Terminado o corte, ela traz o espelho:
— Le gusta, querida?
O
resultado ficou razoável, sem pontas assimétricas aparentes.
— Vamos a pintar?
A
esta altura, o salão está cheio e o barulho dificulta a conversa.
— Quero um louro bem bonito.
—
...Bien hermoso? Vamos a tentar.
A
tintura leva 40 minutos para fazer efeito.
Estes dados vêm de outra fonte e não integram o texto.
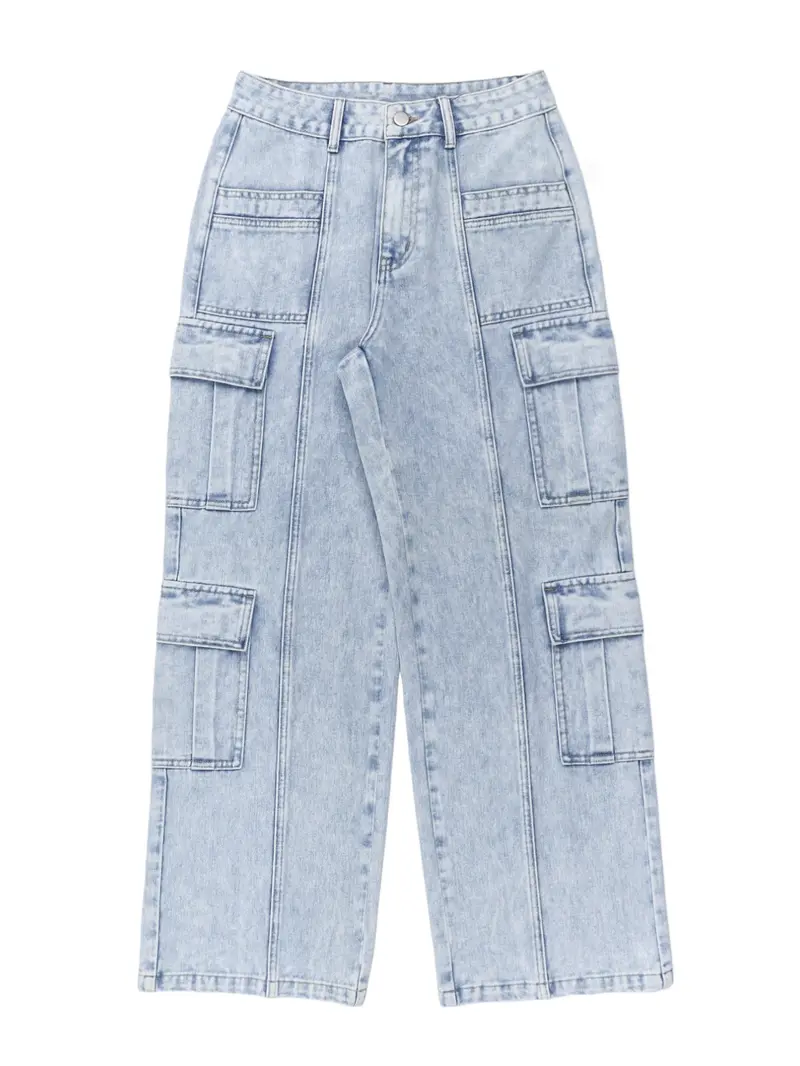 Women's Light Blue Wash High Waist Multi Flap Cargo Pockets Non-Stretch Rigid Denim Fabric Wide Leg Jeans, Baggy Utility Straight Fit Long Pants, Streetwear Casual Daily Commute Outfits for Women TChic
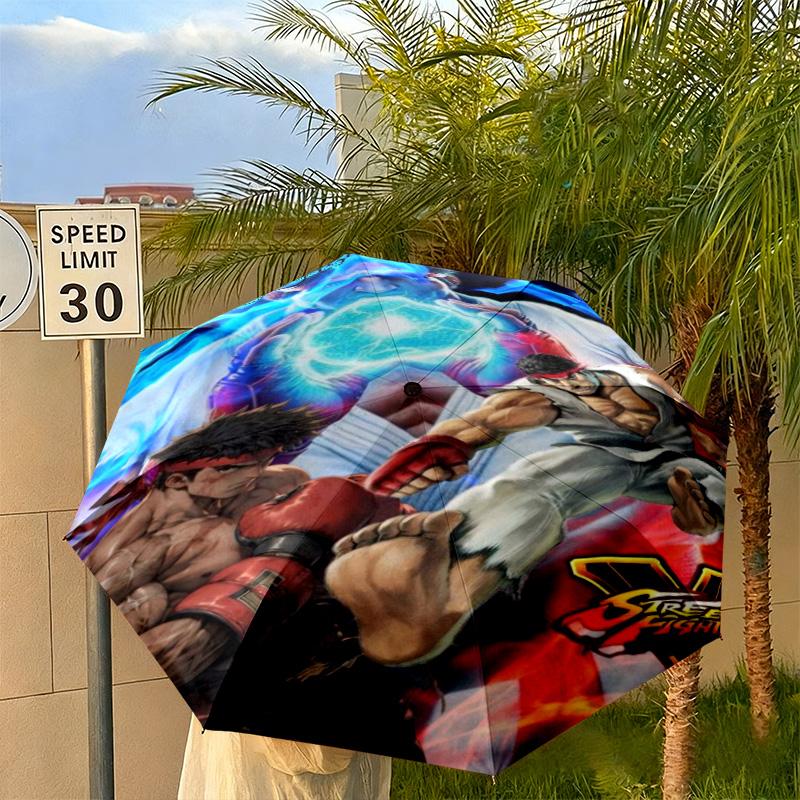 Street Fighter Ii Characters Automatic Umbrella - Suitable Travel Portable Umbrella Outdoor sun shading umbrella Suitable For All Seasons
Enquanto espera, Rosália fuma na calçada. Depois de lavar e secar, ela traz de
novo o espelho.
— Le gusta, querida?
Grandes
mechas azuladas despontam em meio ao branco, ao preto e ao louro escuro.
—
Ficou meio azul, né?
—
Es la nueva tendencia en Uruguay. Joven,
suave, hermoso, colorido... — Ela é tão simpática que não consigo ficar com
raiva.
No
trajeto para o Forninho, percebo reações positivas ao visual descolado. Uma
jovem cheia de piercings me pergunta
onde fiz o cabelo; uma garotinha exclama: — Olha, mãe, meu querido pônei!
Quando
chego em casa, meu filho, que raramente observa minhas transformações, se
surpreende: — Irado!
O
espelho mostra uma pessoa totalmente nova. Só há um problema: preciso de outro
guarda-roupa para combinar com o cabelo. Talvez eu faça um piercing e compre uma jaqueta preta de couro. Por fim, vou adotar um
nome mais sugestivo — podem me chamar de Blue, Lux Blue.